Monday, September 01, 2008

THE DAY THE CLOWN CRIED

Thanks to a crazy work schedule and an overall lack of interest, I'm breaking with tradition this year: I'm not watching Jerry Lewis' Labor Day Telethon.

Lately--by which I mean the last twenty-five years or so--I've watched the telethon ironically, as a last bastion of old-school showbiz, a B-list Friar's Club gathering at which the nominally-talented continually praised each other for their genius and overwhelming love of humanity.

In the more innocent days of my childhood, I didn't so much watch the telethon as endure it. The damned thing was always on every year in my household, though I don't remember anyone ever actually paying attention to it, and I certainly can't imagine anyone being entertained by it. The local affiliates that carried it--the so-called "Love Network"--ran full-page ads in TV Guide encouraging us to "Stay up with Jerry and watch the stars come out", boasting a lineup including the likes of Frank Sinatra and Bill Cosby, but it frequently turned out that the Big Guns only appeared in pre-taped homily-filled testimonials instead of, you know, showing up onstage and performing.

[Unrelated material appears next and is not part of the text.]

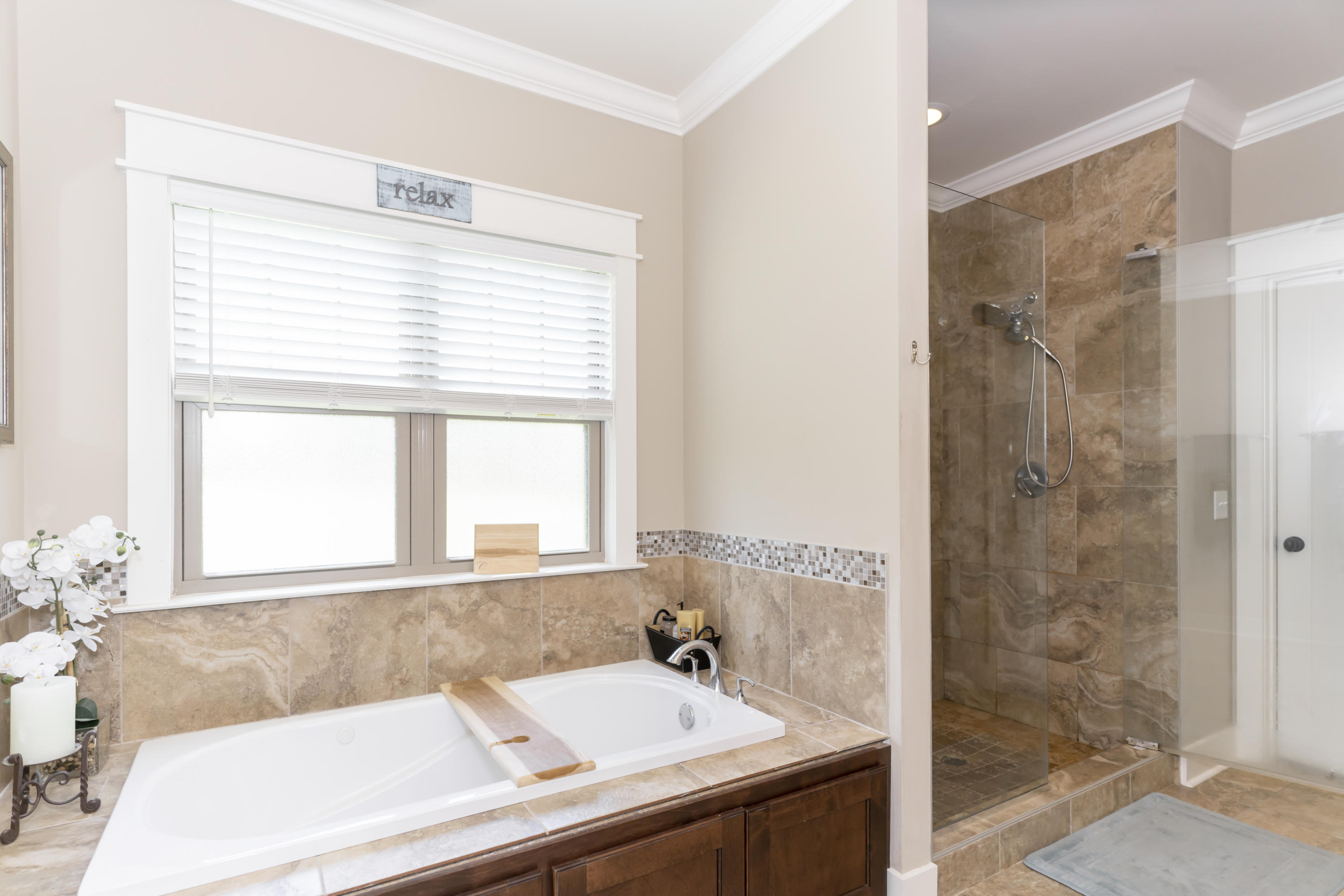 9211 Scarlet Ridge Road, Unit 15 Ooltewah, TN 37363 - Photo 26 of 52 Master Bath
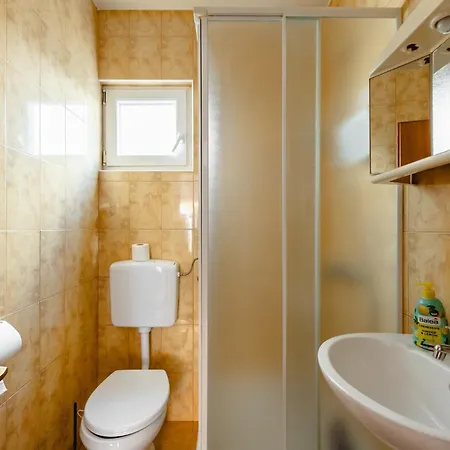 Hasnek Appartamento Vir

So most of the heavy lifting, entertainment-wise, came from Jerry himself. Lewis was utterly despised by everyone in my family, so it's weird that the telethon was always tuned in, but there he was every year, berating his production staff as anti-Semites even as he casually indulged in the most cringe-inducing ethnic humor imaginable. In full Buddy Love mode, Jerry might tell jokes and occasionally, God help us, sing, but mostly he'd just ramble on, sometimes about the poor schmucks stricken with muscular dystrophy (though treating them as mere props to showcase his humility) but more often about whatever the hell was bugging him at that particular minute. It was like watching Krusty The Clown on a two-day bender.

The telethon no longer has quite the same train wreck appeal it once had. Sure, Jerry usually pulls off some jaw-dropping acts of insensitivity every time out, but he's absent for much of the proceedings--napping, presumably--and lately he's come off more as a doddering old man than a volatile monster. And as dull as the whole thing has always been, lately it has become excruciating, with faceless co-hosts (who exactly is Jann Carl?) and an endless parade of bland ambassadors from huge corporations doling out oversized novelty checks to the cause.

On the other hand, it's still the only place outside of Branson where you'll actually see Tony Orlando get a standing ovation.